Work required:
Retype the data below exactly, skipping pictures.

Image-caption web data:
↓
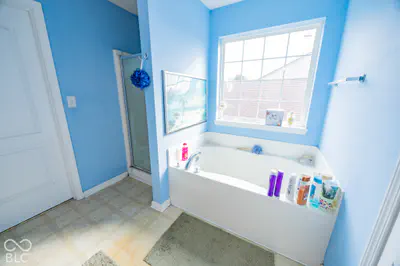 608 Rocky Meadow Drive, Greenwood - 19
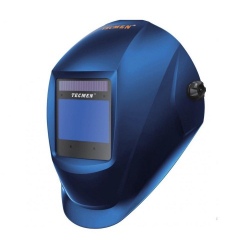 Купить TECMEN ADF 815S TM 16 BLUE в Новом Городке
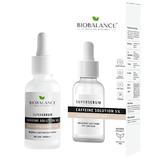 super-eye-contour-sz-rum-koffeinnel-5-egcg-hialuronsav-s-t-t-karik-k-s-r-ncok-ellen-bio-balance-30-ml-2.jpg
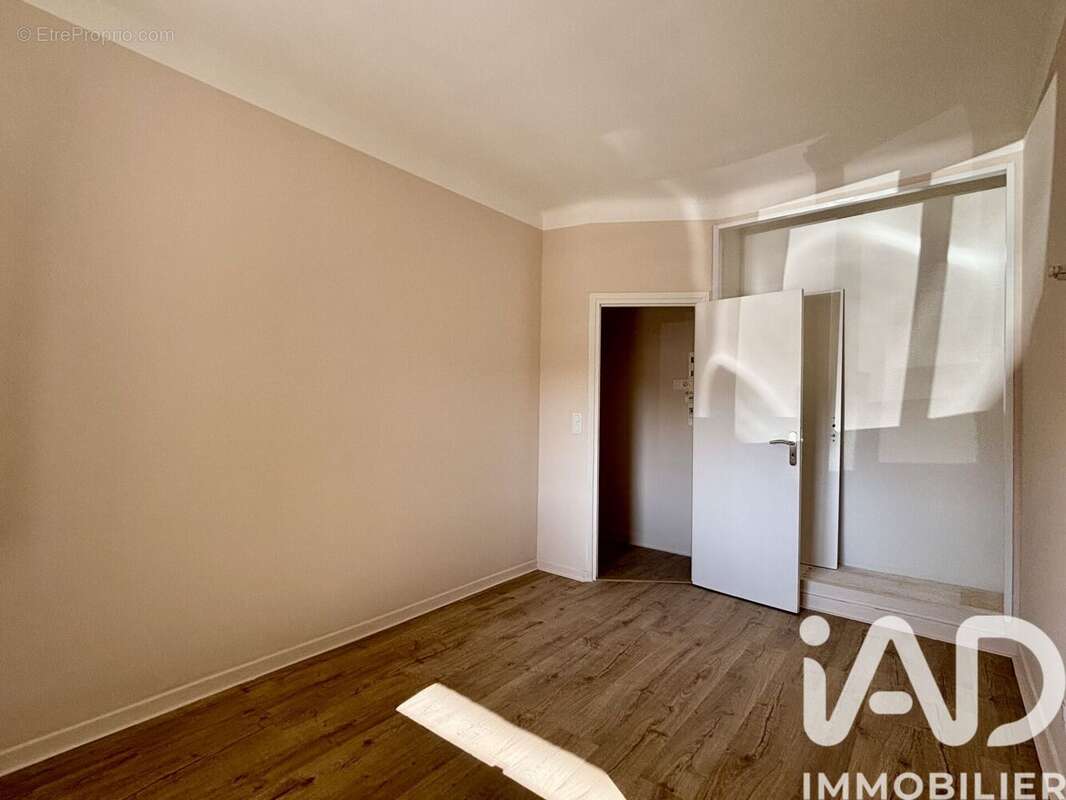 Photo 8 - Appartement à VALRAS-PLAGE
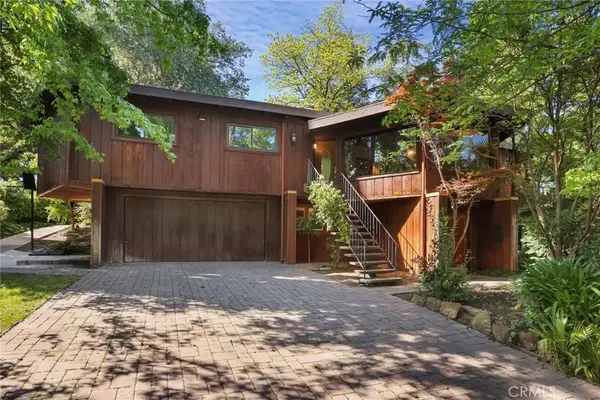 225 Fern Way, Vacaville, CA 95688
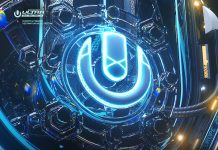 Festival ULTRA Europe vraća se u Hrvatsku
↑
Reply to the task:
 608 Rocky Meadow Drive, Greenwood - 19
 Купить TECMEN ADF 815S TM 16 BLUE в Новом Городке
 super-eye-contour-sz-rum-koffeinnel-5-egcg-hialuronsav-s-t-t-karik-k-s-r-ncok-ellen-bio-balance-30-ml-2.jpg
 Photo 8 - Appartement à VALRAS-PLAGE
 225 Fern Way, Vacaville, CA 95688
 Festival ULTRA Europe vraća se u Hrvatsku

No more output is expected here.